— Exercise goal —
Since only part of the material below is wanted, output exactly the lines from the one with "For SaleCondoSathorn, Narathiwat" up to and including the one with "10449 Sterritt Street, Detroit, MI 48213".

— Task input —
■ ■ ■ ■ ■
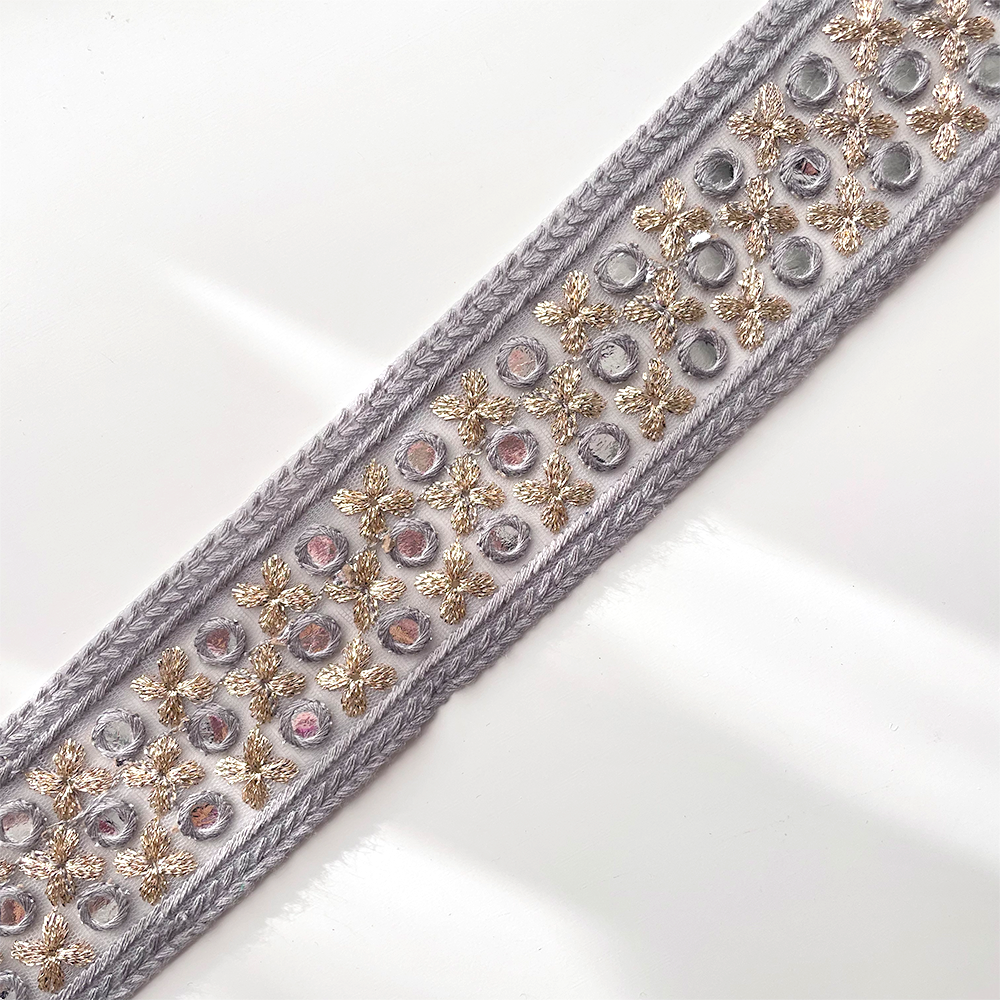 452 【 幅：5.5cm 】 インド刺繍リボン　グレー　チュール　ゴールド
■ ■ ■ ■ ■
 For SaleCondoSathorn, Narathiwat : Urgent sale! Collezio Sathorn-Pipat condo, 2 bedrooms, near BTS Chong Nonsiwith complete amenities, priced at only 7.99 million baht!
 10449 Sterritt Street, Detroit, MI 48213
■ ■ ■ ■ ■
— Exercise output —
 For SaleCondoSathorn, Narathiwat : Urgent sale! Collezio Sathorn-Pipat condo, 2 bedrooms, near BTS Chong Nonsiwith complete amenities, priced at only 7.99 million baht!
 10449 Sterritt Street, Detroit, MI 48213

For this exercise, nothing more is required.